There, you can only pay in cash and order any drink of your choice as long as it doesn’t involving mixing more than two ingredients. The real characters here are the bartenders, like Parker, whom locals refer to as “Legend.” For a delicious Aviation cocktail, head over to Barmel (next door to Mundaka). One of their bartenders has an uncanny resemblance to John Goodman.

Once you’re ready for bed, you can stay in any number of quaint inns like Horizon Inn & Ocean View Lodge, which offers a spacious and comfortable resting place, great views and a fireplace. They even deliver a breakfast basket to your room each morning. There are also more luxurious digs like La Playa Carmel and L’Auberge.

Rested for a new day, you’re ready to take in Carmel’s art haven, with approximately 100 galleries featuring paintings, sculptures, glass and photography (Winston Boyer’s Ocean Series at Gallery Sur is particularly worth seeing). the Carmel Art Tour (http.//carmelarttours.com) will take you inside with their 90-minute walking tour that covers the historical to the contemporary.

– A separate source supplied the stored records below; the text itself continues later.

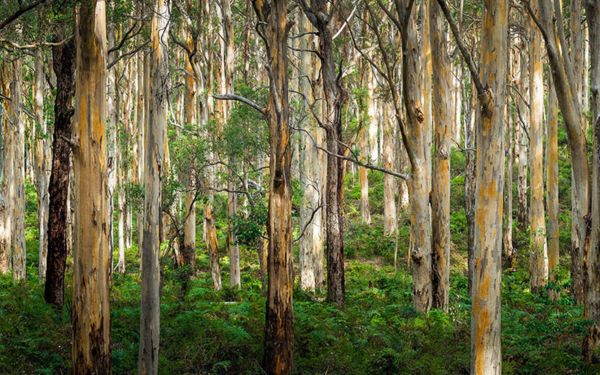Icon Cancer Centre in Wahroonga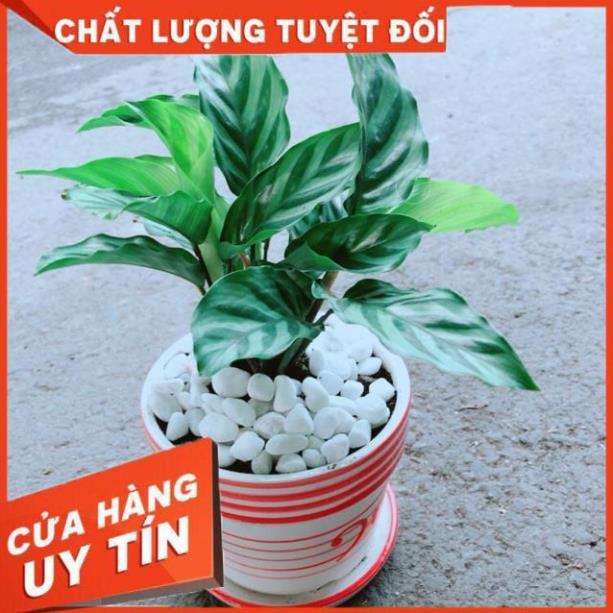 Chậu Đuôi Công Xanh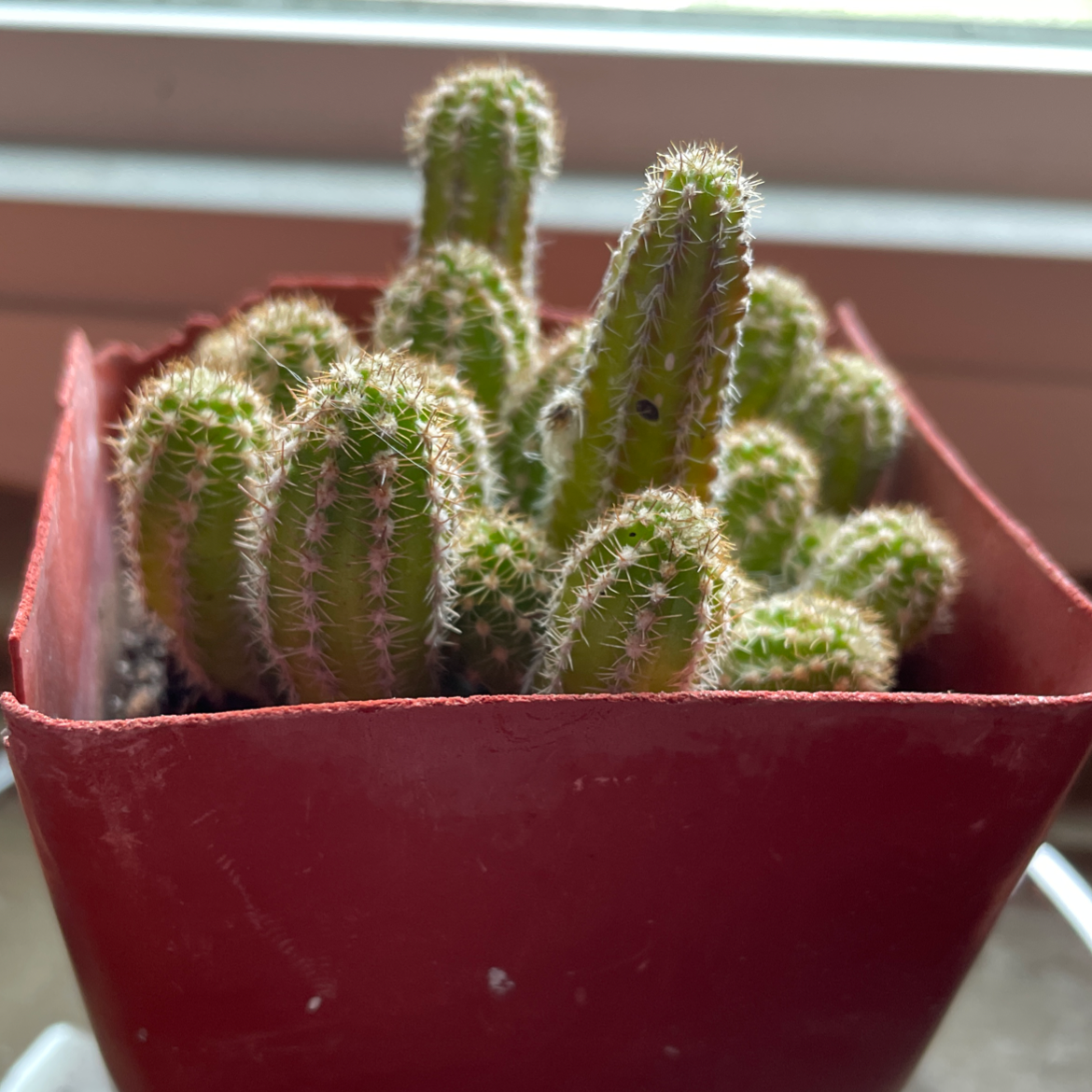 Peanut Cactus in a red pot, healthy and well-framed.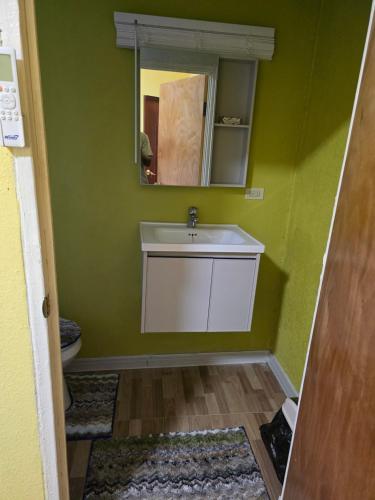 a green bathroom with a sink and a mirror at Hidden Gem One Bed Room Studio in Gilnock Hall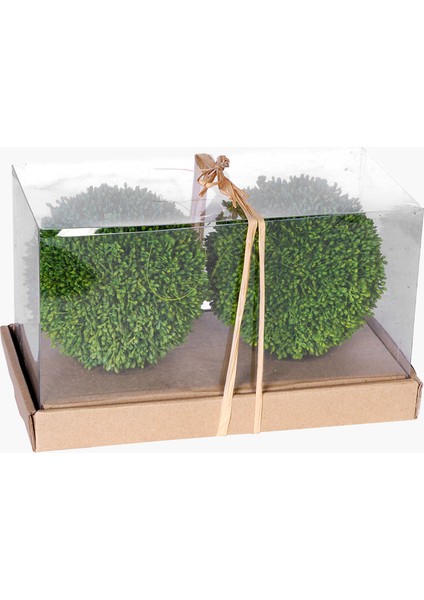 2'li Yuvarlak Bitki Dekor Set 29.5X15X16.5CM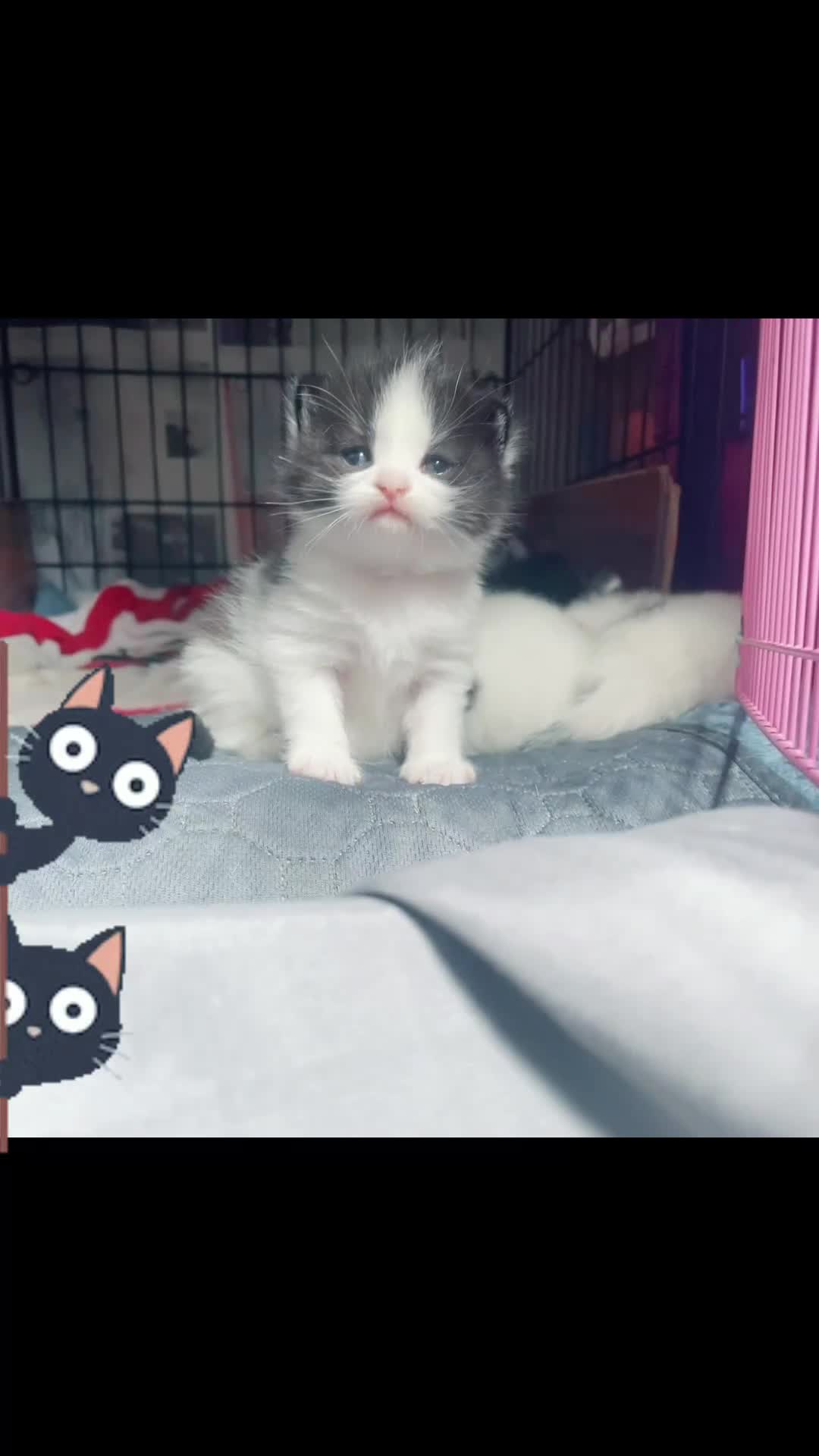 Mixed Breed cats for sale: ⭐️ 🐾🖤 KITTENS, BLACK AND WHITE, BOYS 🐾 ⭐️ - Video 1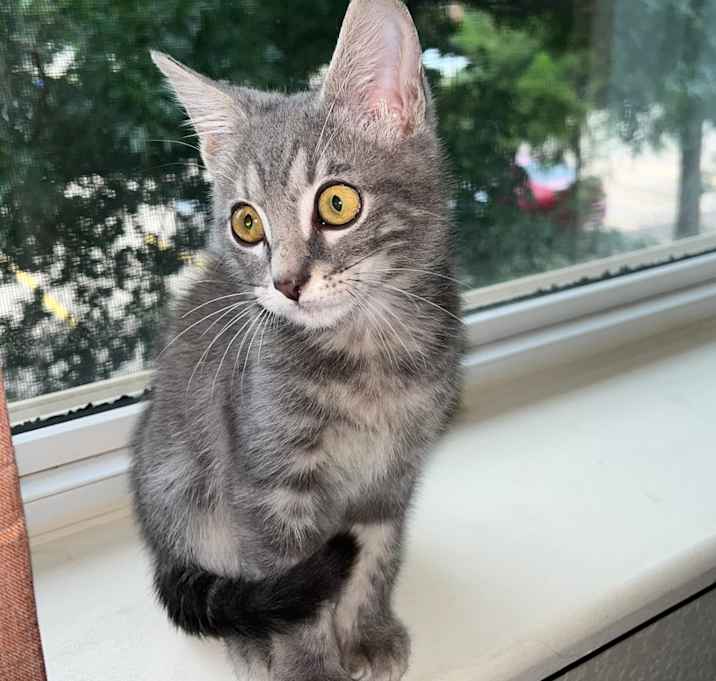 Photo of Quincy
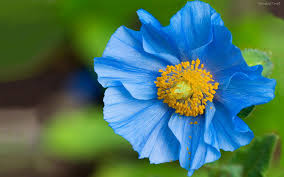 Resultado de imagen de flores azules hermosas
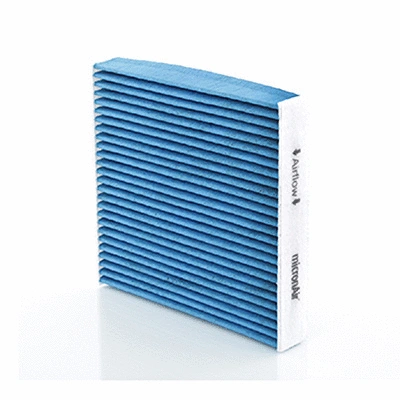Filter, cabin air (BL698)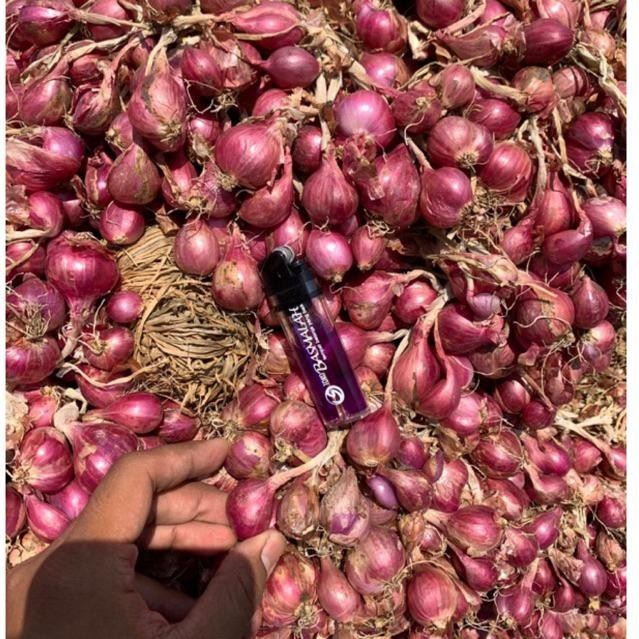 

BAWANG MERAH PROBOLINGGO 1 KG Super Besar Berkualitas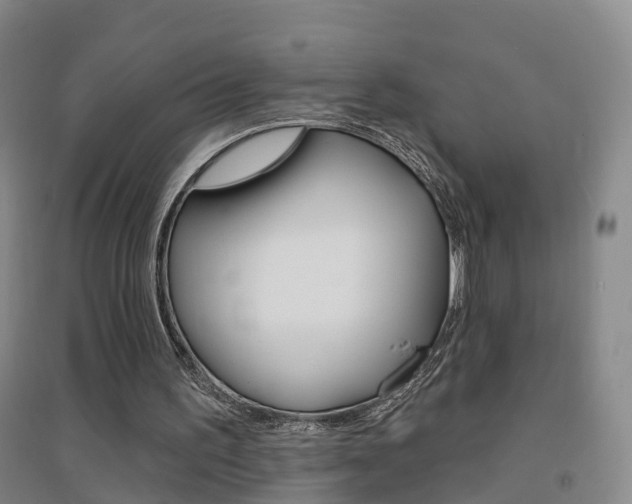 X0000094460195200711081107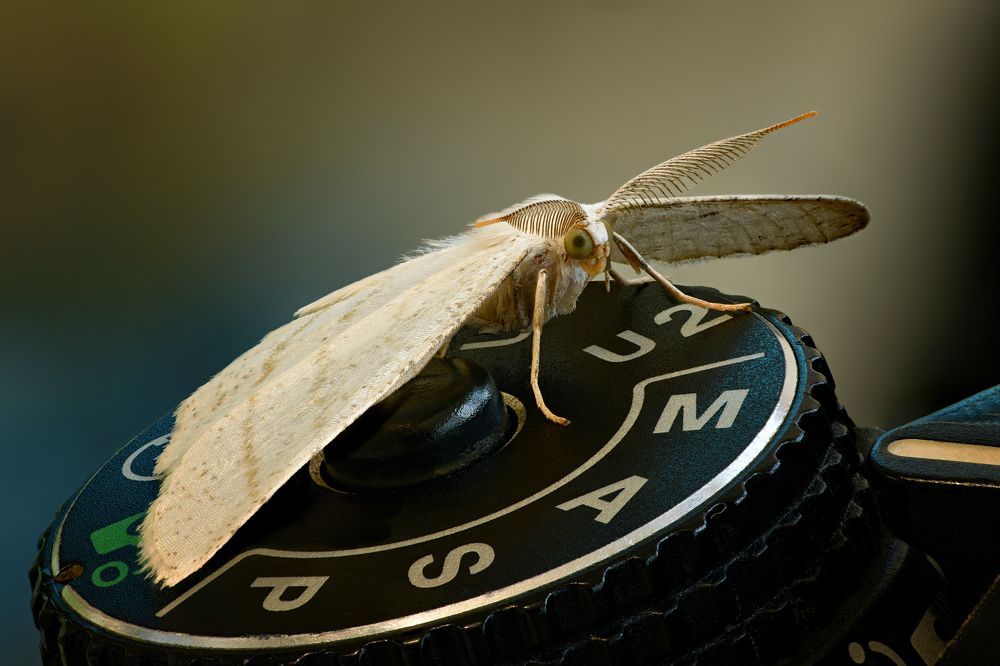 Cabera exanthemata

Or take in a show at the multimillion-dollar Sunset Cultural Centre (recent guests include David Sedaris and Michael Feinstein).

The jewel of the Monterey Peninsula, Carmel-by-the-Sea has attracted an assortment of colourful characters of some renown over the years. Those include names like Pickford, Fairbanks, Gable, Taylor, and Dali. Today, it still attracts its share of movie stars, famous scribes, politicians and business leaders who come in pursuit of a quiet reprieve and creative energy in this unassuming town that lives by an unspoken code of privacy.

But there’s no one quite as revered in Carmel as our four-legged companions. This is truly a city gone to the dogs. In a town where there is no cemetery, the only grave within city limits belongs to a dog, Pal. There’s even an annual Poodle Festival.

Everywhere you go, there are dogs. They are running free on the beach, drinking out of bowls filled with fresh water at shops, and some restaurants offer a “yappy hour” or dog menus. Several establishments even offer massages and doggy turndowns — whatever those are.

In a town where the population is under 4,000, canines quite possibly rival their human counterparts.

And that’s one of Carmel’s biggest charms.